*Exercise description*.
Among the entries below, take the line with "1335 Mainsail Dr #1304, Naples, FL 34114" and the line with "family triple room", and output them and every line between them exactly, with nothing else.

*Data supplied*.
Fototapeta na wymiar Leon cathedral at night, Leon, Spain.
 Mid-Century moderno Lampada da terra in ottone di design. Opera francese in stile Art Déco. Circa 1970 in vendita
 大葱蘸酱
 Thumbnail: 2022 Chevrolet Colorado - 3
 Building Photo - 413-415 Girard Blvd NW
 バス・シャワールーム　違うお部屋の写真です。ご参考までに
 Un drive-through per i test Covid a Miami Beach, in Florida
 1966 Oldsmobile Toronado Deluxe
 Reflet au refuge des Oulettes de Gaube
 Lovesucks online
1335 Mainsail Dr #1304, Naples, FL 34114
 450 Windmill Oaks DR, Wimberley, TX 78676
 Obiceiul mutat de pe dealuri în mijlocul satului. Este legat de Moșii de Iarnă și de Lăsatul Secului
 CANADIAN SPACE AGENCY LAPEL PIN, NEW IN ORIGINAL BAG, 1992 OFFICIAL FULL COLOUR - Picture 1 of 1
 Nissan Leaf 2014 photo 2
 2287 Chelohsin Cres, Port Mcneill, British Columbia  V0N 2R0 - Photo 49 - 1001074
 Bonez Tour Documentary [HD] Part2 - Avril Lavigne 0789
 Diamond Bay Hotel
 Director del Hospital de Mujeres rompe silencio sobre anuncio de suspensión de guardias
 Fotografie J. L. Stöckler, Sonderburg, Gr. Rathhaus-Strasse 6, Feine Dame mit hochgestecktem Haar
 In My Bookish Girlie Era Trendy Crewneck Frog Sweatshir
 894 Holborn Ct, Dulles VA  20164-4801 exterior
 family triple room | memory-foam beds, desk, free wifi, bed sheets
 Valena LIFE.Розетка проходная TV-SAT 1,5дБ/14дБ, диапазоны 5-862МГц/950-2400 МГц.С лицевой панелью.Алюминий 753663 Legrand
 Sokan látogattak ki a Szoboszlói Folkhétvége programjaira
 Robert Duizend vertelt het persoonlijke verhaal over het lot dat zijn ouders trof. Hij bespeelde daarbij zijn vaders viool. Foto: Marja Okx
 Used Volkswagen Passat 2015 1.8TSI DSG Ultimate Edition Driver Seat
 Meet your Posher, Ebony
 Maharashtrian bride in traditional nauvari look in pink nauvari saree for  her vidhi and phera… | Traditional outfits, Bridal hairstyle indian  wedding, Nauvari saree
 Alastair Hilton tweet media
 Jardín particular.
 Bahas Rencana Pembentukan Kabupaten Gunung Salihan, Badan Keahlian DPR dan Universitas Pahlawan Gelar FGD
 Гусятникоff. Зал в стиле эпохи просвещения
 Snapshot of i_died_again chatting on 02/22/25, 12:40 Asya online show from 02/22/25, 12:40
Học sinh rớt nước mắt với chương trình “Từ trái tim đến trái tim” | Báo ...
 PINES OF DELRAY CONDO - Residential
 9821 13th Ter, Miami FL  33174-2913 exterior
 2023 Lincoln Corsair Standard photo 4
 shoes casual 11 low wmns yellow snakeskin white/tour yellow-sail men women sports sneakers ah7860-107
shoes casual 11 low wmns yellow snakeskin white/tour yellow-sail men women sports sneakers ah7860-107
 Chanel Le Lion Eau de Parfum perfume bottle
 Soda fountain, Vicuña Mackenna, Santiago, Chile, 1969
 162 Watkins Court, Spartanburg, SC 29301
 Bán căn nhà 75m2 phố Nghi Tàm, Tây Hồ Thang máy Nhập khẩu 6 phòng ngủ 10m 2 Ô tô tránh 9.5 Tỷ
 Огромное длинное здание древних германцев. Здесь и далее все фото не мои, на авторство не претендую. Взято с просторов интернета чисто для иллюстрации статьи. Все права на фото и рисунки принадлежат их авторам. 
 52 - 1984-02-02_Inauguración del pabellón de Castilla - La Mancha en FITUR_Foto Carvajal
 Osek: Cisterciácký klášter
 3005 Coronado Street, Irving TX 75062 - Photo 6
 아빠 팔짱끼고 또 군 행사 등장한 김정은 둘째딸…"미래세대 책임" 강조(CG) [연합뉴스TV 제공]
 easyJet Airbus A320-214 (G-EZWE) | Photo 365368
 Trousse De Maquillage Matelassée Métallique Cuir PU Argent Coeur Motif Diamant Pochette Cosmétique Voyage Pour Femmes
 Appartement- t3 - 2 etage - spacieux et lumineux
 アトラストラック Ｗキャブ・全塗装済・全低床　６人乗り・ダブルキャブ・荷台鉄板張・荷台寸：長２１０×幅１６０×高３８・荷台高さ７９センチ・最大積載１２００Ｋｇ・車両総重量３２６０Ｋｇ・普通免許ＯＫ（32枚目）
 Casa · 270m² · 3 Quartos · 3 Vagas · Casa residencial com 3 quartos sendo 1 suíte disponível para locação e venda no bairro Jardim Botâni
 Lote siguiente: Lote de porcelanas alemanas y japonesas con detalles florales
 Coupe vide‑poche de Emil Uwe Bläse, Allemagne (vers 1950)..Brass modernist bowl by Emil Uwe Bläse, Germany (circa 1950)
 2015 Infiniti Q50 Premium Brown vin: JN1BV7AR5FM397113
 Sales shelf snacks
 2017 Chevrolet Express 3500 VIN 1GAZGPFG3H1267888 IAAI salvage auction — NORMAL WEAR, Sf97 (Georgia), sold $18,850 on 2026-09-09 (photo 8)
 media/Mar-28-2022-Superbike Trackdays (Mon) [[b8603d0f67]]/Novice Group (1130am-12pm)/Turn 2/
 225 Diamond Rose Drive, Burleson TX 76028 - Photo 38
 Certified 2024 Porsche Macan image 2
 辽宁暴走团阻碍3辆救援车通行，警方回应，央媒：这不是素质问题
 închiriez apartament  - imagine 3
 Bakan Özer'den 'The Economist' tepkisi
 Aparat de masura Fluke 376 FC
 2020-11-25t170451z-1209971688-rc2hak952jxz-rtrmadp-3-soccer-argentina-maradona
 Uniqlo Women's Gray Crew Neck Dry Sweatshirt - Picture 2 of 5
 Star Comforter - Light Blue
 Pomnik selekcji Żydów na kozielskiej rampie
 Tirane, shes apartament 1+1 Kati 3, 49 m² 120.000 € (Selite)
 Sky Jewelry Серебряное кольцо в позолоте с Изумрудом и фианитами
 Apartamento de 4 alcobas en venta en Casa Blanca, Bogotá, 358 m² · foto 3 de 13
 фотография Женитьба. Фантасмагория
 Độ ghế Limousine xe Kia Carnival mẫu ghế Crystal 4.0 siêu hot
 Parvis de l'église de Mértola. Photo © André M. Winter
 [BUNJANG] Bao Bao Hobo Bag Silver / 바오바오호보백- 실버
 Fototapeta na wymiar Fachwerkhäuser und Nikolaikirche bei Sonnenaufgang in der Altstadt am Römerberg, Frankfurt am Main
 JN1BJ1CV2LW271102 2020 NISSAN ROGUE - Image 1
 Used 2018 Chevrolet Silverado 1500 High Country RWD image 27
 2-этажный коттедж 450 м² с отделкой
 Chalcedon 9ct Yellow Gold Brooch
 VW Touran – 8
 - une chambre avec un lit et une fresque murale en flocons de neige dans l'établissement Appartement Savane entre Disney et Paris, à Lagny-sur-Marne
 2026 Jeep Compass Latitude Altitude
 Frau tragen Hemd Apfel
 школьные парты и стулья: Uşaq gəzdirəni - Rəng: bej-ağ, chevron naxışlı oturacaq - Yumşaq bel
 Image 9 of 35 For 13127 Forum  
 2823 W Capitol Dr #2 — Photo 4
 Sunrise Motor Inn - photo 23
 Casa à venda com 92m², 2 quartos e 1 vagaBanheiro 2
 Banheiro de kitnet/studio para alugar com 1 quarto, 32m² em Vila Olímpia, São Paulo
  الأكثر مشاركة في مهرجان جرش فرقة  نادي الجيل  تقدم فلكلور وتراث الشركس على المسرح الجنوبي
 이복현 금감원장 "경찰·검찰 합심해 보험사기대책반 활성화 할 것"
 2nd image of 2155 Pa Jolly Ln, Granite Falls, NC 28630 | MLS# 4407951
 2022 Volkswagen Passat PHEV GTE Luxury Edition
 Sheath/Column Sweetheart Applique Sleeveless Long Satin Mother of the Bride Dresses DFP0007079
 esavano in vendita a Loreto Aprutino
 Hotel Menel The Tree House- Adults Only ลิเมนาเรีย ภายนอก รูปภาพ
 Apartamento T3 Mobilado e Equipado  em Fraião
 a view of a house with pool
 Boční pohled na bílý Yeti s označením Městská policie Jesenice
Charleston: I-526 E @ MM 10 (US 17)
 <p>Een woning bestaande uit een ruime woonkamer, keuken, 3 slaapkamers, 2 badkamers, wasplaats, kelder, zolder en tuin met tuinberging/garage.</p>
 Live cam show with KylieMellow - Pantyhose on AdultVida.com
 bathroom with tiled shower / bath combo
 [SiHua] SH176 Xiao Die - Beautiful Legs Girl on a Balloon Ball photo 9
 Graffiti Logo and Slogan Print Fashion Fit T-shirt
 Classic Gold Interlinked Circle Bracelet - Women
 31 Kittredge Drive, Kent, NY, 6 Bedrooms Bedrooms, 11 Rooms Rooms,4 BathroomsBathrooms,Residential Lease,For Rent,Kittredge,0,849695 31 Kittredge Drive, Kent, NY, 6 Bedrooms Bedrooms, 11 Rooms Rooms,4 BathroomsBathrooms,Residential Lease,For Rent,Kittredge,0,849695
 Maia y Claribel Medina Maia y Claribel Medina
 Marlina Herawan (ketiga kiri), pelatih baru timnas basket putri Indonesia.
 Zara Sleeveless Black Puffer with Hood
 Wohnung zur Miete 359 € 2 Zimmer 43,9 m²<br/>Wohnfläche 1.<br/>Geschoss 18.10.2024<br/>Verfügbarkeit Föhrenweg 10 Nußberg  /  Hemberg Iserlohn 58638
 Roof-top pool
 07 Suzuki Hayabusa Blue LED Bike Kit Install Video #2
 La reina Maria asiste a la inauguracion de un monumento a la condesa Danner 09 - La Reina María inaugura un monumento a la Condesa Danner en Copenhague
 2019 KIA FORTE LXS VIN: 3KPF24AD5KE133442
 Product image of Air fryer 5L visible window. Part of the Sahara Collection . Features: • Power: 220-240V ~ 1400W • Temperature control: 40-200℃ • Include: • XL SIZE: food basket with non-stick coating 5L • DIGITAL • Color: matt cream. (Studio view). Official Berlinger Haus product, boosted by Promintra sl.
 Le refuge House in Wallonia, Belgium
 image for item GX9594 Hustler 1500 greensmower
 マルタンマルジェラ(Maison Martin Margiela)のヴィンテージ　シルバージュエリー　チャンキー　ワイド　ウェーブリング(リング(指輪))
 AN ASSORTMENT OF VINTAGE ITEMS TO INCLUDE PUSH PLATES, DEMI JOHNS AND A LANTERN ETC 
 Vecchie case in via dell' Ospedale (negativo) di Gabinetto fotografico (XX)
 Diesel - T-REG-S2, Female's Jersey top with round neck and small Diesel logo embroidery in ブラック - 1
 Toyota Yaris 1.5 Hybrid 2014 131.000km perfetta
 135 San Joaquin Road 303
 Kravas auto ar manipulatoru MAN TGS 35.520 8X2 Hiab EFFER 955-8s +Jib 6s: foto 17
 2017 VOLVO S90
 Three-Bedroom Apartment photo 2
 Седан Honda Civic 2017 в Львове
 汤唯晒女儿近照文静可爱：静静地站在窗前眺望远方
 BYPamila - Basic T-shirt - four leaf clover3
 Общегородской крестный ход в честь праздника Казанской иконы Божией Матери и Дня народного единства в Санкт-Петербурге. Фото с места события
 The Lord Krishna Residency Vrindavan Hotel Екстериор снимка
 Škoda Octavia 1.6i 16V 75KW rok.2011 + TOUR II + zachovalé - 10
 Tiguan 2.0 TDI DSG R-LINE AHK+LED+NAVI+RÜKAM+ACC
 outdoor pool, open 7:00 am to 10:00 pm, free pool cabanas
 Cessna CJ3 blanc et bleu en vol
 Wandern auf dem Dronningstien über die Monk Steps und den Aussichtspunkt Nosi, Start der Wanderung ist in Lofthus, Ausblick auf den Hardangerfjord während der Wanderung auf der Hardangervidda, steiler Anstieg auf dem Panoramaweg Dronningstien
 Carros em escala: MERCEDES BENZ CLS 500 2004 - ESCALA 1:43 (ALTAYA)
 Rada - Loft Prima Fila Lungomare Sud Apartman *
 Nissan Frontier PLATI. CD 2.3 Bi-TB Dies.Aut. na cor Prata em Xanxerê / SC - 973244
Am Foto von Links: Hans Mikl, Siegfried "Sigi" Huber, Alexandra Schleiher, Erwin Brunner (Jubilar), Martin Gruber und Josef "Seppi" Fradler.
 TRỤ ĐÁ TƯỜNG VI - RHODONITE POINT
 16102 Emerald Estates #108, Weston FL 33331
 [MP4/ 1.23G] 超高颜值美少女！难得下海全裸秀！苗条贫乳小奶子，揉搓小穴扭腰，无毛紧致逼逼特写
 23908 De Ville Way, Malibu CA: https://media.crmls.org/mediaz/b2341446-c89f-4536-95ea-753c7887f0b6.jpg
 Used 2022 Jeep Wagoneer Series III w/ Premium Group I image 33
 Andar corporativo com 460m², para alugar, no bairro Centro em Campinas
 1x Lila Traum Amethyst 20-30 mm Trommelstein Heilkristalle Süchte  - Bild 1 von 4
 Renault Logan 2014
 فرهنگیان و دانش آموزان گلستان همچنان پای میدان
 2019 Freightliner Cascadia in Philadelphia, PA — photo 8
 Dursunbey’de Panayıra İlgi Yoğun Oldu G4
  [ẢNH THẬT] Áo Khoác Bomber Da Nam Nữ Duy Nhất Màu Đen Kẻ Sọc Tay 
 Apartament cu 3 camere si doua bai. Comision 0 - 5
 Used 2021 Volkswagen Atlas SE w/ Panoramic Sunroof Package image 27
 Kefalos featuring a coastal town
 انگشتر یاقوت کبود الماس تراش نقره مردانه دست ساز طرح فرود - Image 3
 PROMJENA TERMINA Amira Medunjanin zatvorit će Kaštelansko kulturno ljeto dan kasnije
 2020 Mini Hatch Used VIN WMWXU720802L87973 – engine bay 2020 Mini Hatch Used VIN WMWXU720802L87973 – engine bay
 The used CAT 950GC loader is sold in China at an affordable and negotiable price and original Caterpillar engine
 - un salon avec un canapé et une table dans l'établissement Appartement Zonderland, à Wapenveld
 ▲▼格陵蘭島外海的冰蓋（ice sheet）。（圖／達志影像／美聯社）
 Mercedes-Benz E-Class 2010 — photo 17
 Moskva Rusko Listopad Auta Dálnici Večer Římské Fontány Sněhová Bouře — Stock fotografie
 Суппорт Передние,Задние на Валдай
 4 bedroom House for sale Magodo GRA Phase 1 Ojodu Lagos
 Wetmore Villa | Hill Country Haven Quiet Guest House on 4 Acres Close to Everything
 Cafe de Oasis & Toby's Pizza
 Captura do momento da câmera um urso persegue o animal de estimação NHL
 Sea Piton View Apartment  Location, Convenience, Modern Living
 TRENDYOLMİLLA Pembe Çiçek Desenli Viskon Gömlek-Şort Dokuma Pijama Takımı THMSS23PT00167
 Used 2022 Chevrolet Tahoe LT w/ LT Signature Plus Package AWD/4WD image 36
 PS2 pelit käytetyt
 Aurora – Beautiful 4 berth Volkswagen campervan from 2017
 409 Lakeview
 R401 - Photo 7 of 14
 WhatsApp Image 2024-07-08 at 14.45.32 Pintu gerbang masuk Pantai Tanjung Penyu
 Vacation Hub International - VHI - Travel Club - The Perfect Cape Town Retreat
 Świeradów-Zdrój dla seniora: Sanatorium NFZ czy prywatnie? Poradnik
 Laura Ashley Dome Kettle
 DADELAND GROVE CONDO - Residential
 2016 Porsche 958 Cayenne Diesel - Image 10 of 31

*Result of this task*.
1335 Mainsail Dr #1304, Naples, FL 34114
 450 Windmill Oaks DR, Wimberley, TX 78676
 Obiceiul mutat de pe dealuri în mijlocul satului. Este legat de Moșii de Iarnă și de Lăsatul Secului
 CANADIAN SPACE AGENCY LAPEL PIN, NEW IN ORIGINAL BAG, 1992 OFFICIAL FULL COLOUR - Picture 1 of 1
 Nissan Leaf 2014 photo 2
 2287 Chelohsin Cres, Port Mcneill, British Columbia  V0N 2R0 - Photo 49 - 1001074
 Bonez Tour Documentary [HD] Part2 - Avril Lavigne 0789
 Diamond Bay Hotel
 Director del Hospital de Mujeres rompe silencio sobre anuncio de suspensión de guardias
 Fotografie J. L. Stöckler, Sonderburg, Gr. Rathhaus-Strasse 6, Feine Dame mit hochgestecktem Haar
 In My Bookish Girlie Era Trendy Crewneck Frog Sweatshir
 894 Holborn Ct, Dulles VA  20164-4801 exterior
 family triple room | memory-foam beds, desk, free wifi, bed sheets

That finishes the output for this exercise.